# Working with Existing Course Examples

This notebook demonstrates the concepts from the original course materials, showing how they fit into our comprehensive understanding of file programming.

## 🔄 File Modes in Practice (from class01.py)

Let's revisit the original examples and understand them better with our new knowledge:

In [None]:
# Import our examples module
import sys
sys.path.append('../examples')

from basic_file_operations import (
    demo_write_mode, demo_append_mode, demo_exclusive_mode,
    demo_binary_write_mode, demo_read_plus_write_mode
)

# Run the original demonstrations with our enhanced understanding
print("🔄 Running Original Course Examples with Enhanced Understanding")
print("=" * 70)

demo_write_mode()
demo_append_mode()
demo_exclusive_mode()
demo_binary_write_mode()
demo_read_plus_write_mode()

## 📊 Performance Analysis (from class02.py)

The original course included a performance comparison between pickle and text files.

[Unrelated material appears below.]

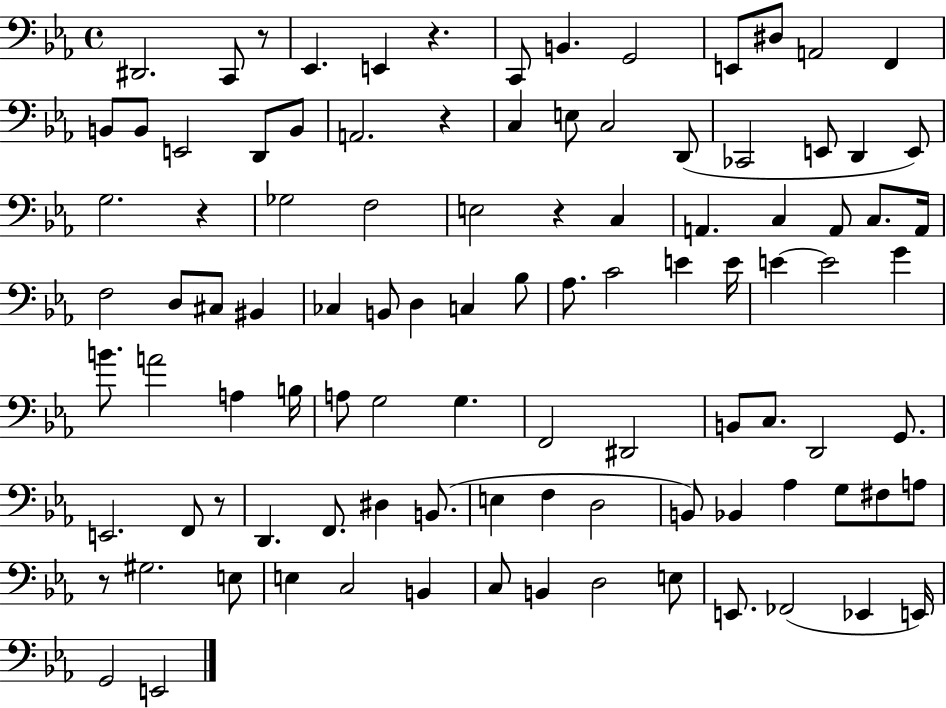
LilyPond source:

Let's expand on this:

In [None]:
import pickle
import json
import time
import os

def enhanced_pickle_vs_text_comparison():
    """Enhanced version of the original pickle vs text comparison"""
    
    # Create more complex test data
    test_data = {
        'user_info': {
            'name': 'John Doe',
            'age': 30,
            'email': 'john@example.com',
            'preferences': ['python', 'data_science', 'machine_learning']
        },
        'session_data': {
            'login_time': time.time(),
            'actions': ['login', 'view_dashboard', 'edit_profile', 'logout'],
            'settings': {'theme': 'dark', 'notifications': True}
        },
        'large_dataset': list(range(10000)),  # Simulate larger data
        'metadata': {
            'version': '2.1.0',
            'created_by': 'file_programming_course',
            'encoding': 'utf-8'
        }
    }
    
    print("📊 Enhanced Pickle vs Text File Comparison")
    print("=" * 50)
    
    # Test pickle operations
    pickle_file = '../sample_files/enhanced_data.pkl'
    
    # Pickle write
    start_time = time.time()
    with open(pickle_file, 'wb') as f:
        pickle.dump(test_data, f)
    pickle_write_time = time.time() - start_time
    
    # Pickle read
    start_time = time.time()
    with open(pickle_file, 'rb') as f:
        pickle_loaded = pickle.load(f)
    pickle_read_time = time.time() - start_time
    
    # Test JSON operations
    json_file = '../sample_files/enhanced_data.json'
    
    # JSON write
    start_time = time.time()
    with open(json_file, 'w', encoding='utf-8') as f:
        json.dump(test_data, f, indent=2)
    json_write_time = time.time() - start_time
    
    # JSON read
    start_time = time.time()
    with open(json_file, 'r', encoding='utf-8') as f:
        json_loaded = json.load(f)
    json_read_time = time.time() - start_time
    
    # Get file sizes
    pickle_size = os.path.getsize(pickle_file)
    json_size = os.path.getsize(json_file)
    
    # Display results
    print(f"⏱️ Performance Results:")
    print(f"   Pickle write: {pickle_write_time:.6f} seconds")
    print(f"   JSON write:   {json_write_time:.6f} seconds")
    print(f"   Pickle read:  {pickle_read_time:.6f} seconds")
    print(f"   JSON read:    {json_read_time:.6f} seconds")
    
    print(f"\n💾 File Size Comparison:")
    print(f"   Pickle file: {pickle_size:,} bytes")
    print(f"   JSON file:   {json_size:,} bytes")
    print(f"   Size ratio:  {json_size/pickle_size:.2f}x (JSON vs Pickle)")
    
    print(f"\n🔍 Data Integrity Check:")
    print(f"   Pickle data matches: {pickle_loaded == test_data}")
    print(f"   JSON data matches:   {json_loaded == test_data}")
    
    # Show the actual file contents (first few lines)
    print(f"\n📄 File Content Preview:")
    print(f"   Pickle (binary): {open(pickle_file, 'rb').read()[:50]}...")
    
    with open(json_file, 'r', encoding='utf-8') as f:
        json_preview = f.read()[:200]
    print(f"   JSON (text): {json_preview}...")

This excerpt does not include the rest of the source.